“What’s that from?” Miriam asked of Gertrude as they wandered up the garden.
“‘The Räuber.’ Magnificent thing. Play. We saw it last winter.”
“I don’t believe she really cares for it a bit,” was Miriam’s mental comment. Her heart was warm towards Millie, looking so outlandish with her English vicarage air in this little German beer-garden, with her strange love of Germany. Of course there wasn’t anything a bit like Germany in England.... So silly to make comparisons. “Comparisons are odious.” Perfectly true.
16
They made their way back to the street through a long low roomful of men drinking at little tables. Heavy clouds of smoke hung and moved in the air and mingled with the steady odour of German food, braten, onion and butter-sodden, beer and rich sour bread. A tinkling melody supported by rhythmic time-marking bass notes that seemed to thump the wooden floor came from a large glass-framed musical-box. The dark rafters ran low, just above them. Faces glanced towards them as they all filed avertedly through the room. There were two or three guttural greetings—“N’ Morgen, meine Damen....” A large limber woman met them in the front room with their bill and stood talking to Fräulein as the girls straggled out into the sunshine. She was wearing a neat short-skirted crimson-and-brown check dress and a large blue apron and her haggard face was lit with radiantly kind strong dark eyes. Miriam envied her. She would like to pour out beer for those simple men and dispense their food ... quietly and busily.... No need to speak to them, or be clever.
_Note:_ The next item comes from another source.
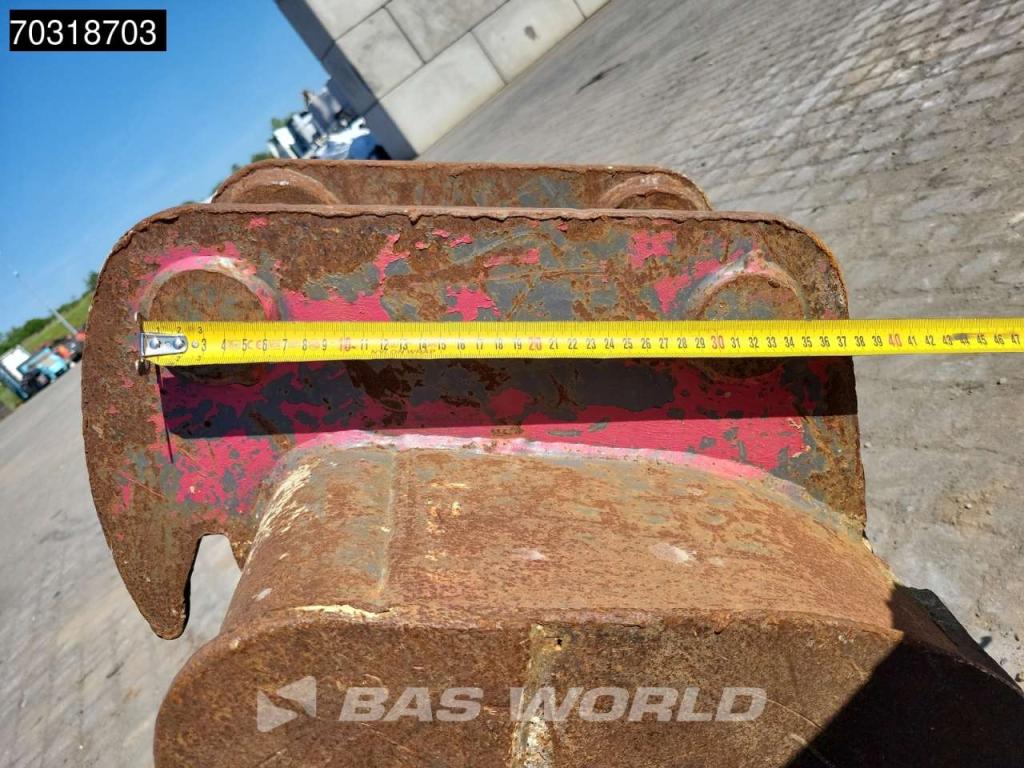 Volvo ECR88 D A/C - 3 Buckets Photo 24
They would like her care and would understand. “Meine Damen” hurt her. She was not Dame—Was Fräulein? Elsa? Millie was. Millie would condescend to these men without feeling uncomfortable. She could see Millie at village teas.... The girls looked very small as they stood in groups about the roadway.... Their clothes ... their funny confidence ... being so sure of themselves ... what was it ... what were they so sure of? There was nothing ... and she was afraid of them all, even of Minna and Emma sometimes.
They trailed, Minna once more safely at her side, slowly on through the streets of the close-built peaked and gabled, carved and cobbled town. It came nearer to her than Barnes, nearer even than the old first house she had kissed the morning they came away—the flower-filled garden, the river, the woods.
They turned aside and up a little mounting street and filed into a churchyard. Fräulein tried and opened the great carved doorway of the church ... incense.... They were going into a Roman Catholic church. How easy it was; just to walk in. Why had one never done it before? There was one at Roehampton. But it would be different in England.
“Pas convenable,” she heard Mademoiselle say just behind her, “non, je connais ces gens-là, je vous promets ... vraiment j’en ai peur....” Elsa responded with excited enquiries. They all trooped quietly in and the great doors closed behind them.
“Vraiment j’ai peur,” whispered Mademoiselle.
Miriam saw a point of red light shining like a ruby far ahead in the gloom. She went round the church with Fräulein Pfaff and Minna, and was shown stations and chapels, altars hung with offerings, a dusty tinsel-decked, gaily-painted Madonna, an alcove railed off and fitted with an iron chandelier furnished with spikes—filled half-way up its height by a solid mass of waxen drippings, banners and paintings and artificial flowers, rich dark carvings. She looked at everything and spoke once or twice.